In a recent development, the Registrar of Companies in Rajasthan, Jaipur, issued an adjudication order under Section 454(3) read with Section 149(4) of the Companies Act, 2013, regarding the non-appointment of independent directors by Resonance Eduventures Limited. This article delves into the details of the case, the violation, the penalties imposed, and its implications. .
Detailed Analysis
The case revolves around Resonance Eduventures Limited, a company operating in Rajasthan, Jaipur, and its failure to appoint independent directors as mandated by the Companies Act, 2013. According to Section 149(4) of the Act, every listed public company is required to have at least one-third of its total number of directors as independent directors. However, Resonance Eduventures Limited failed to comply with this provision for the period from November 19, 2019, to April 15, 2021.

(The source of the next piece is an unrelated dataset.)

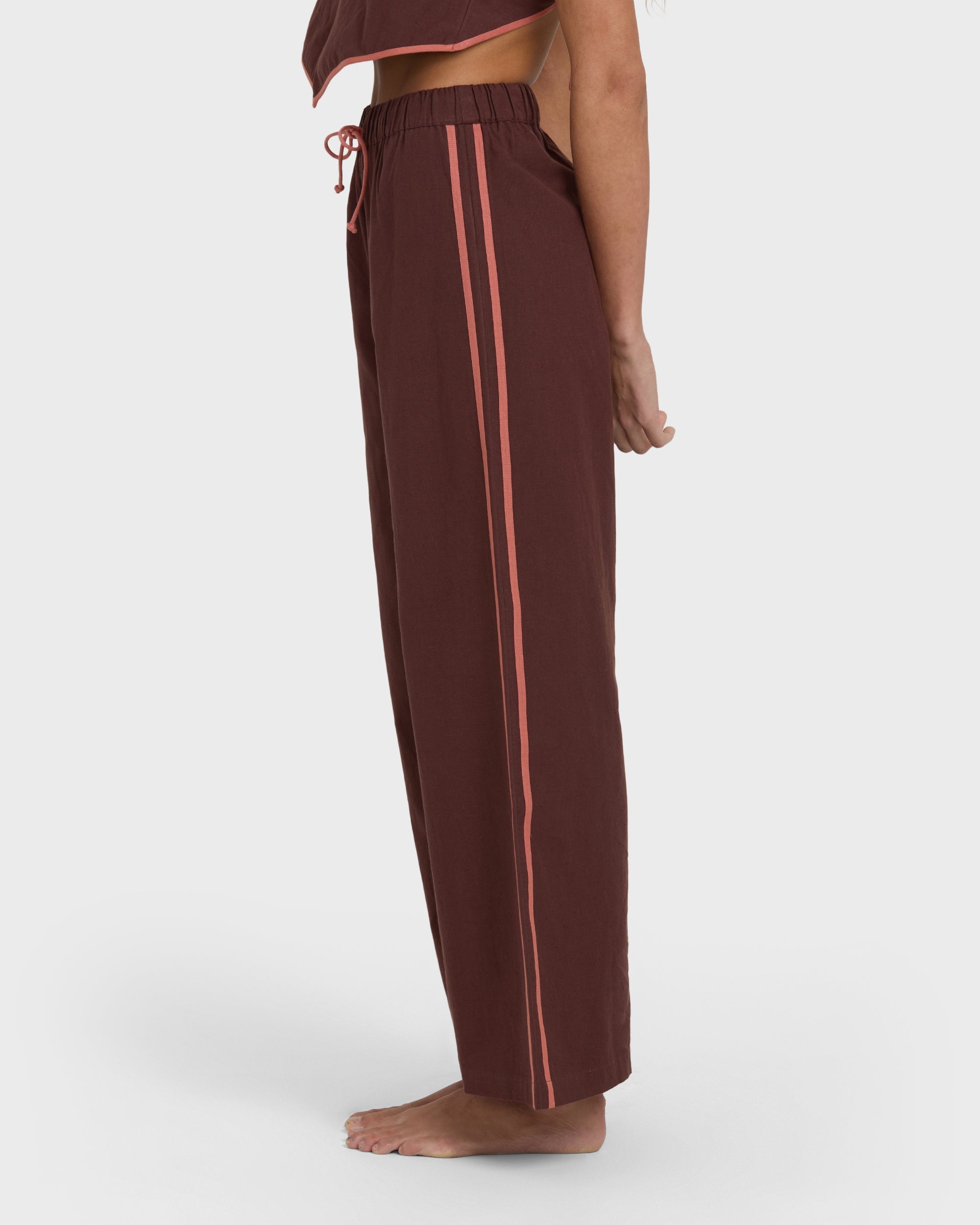 Billabong Double Take Elastic Waist Pants - Teak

The company voluntarily brought this violation to the attention of the authorities through its Managing Director & CEO, Shri Ram Kishan Verma. Consequently, an adjudication notice was issued on March 28, 2023, to the company, its directors, officers in default, and Key Managerial Personnel (KMP). This notice provided them with an opportunity to present their case, and a hearing was scheduled for April 11, 2023.
During the hearing, Sh. Akshit Kumar Jangid, FCS, representing the company and the relevant parties, acknowledged the violation of Section 149(4) of the Companies Act, 2013. He informed the authorities that the company had appointed independent directors, Mr. Nishant Jain and Mr. Tanmay Jain, effective April 15, 2023. Furthermore, he requested the imposition of the minimum penalty for the non-appointment of independent directors.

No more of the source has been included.